Following the Post's report, Trump sued James, arguing that she was violating his constitutional rights with a politically motivated investigation.
"Despite numerous attempts to delay our investigation by the Trump Organization, we are confident that our questions will be answered and the truth will be uncovered because no one is above the law," said a spokesperson for James on Monday.
The Trumps urged a court to "quash" the subpoenas, a legal filing showed.
"Her (James's) actions are a threat to our democracy and I plan to hold her accountable to the fullest extent," said Trump lawyer Alina Habba.
James is probing whether the Trump Organization may have illegally reported false values on its properties, potentially to gain banking and tax advantages.
She launched her investigation in March 2019 and suspects that the Trump Organization fraudulently overstated the value of certain properties when seeking bank loans, and later reported much smaller values when declaring assets so it could pay less tax.
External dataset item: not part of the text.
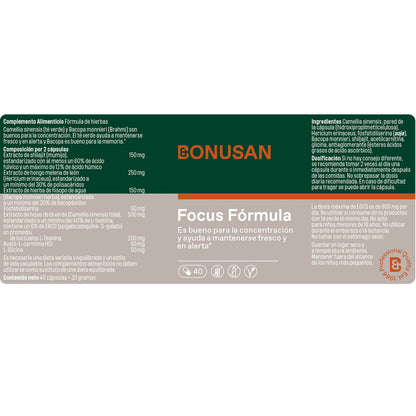 Focus Formula Bonusan 40 Kapseln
Trump's son Eric, who is executive vice president of the Trump Organization, was interviewed by James's office on the issue in October 2020.
The former president is facing pressure from several legal probes.
In Washington he is trying to prevent a congressional probe into the January 6 attack by his supporters on the US Capitol from accessing White House records related to that day.
The Trump Organization is under investigation by the Manhattan district attorney for possible financial crimes and insurance fraud.
In July, the Trump Organization and its long-serving finance chief, Allen Weisselberg pleaded not guilty in a New York court to 15 felony fraud and tax evasion charges.
His trial is due to begin in the middle of this year.
Trump was also questioned for more than four hours in October as part of a lawsuit by a group of protestors who allege that his security guards assaulted them six years ago.
He is also battling to prevent years of his tax returns from being released to prosecutors.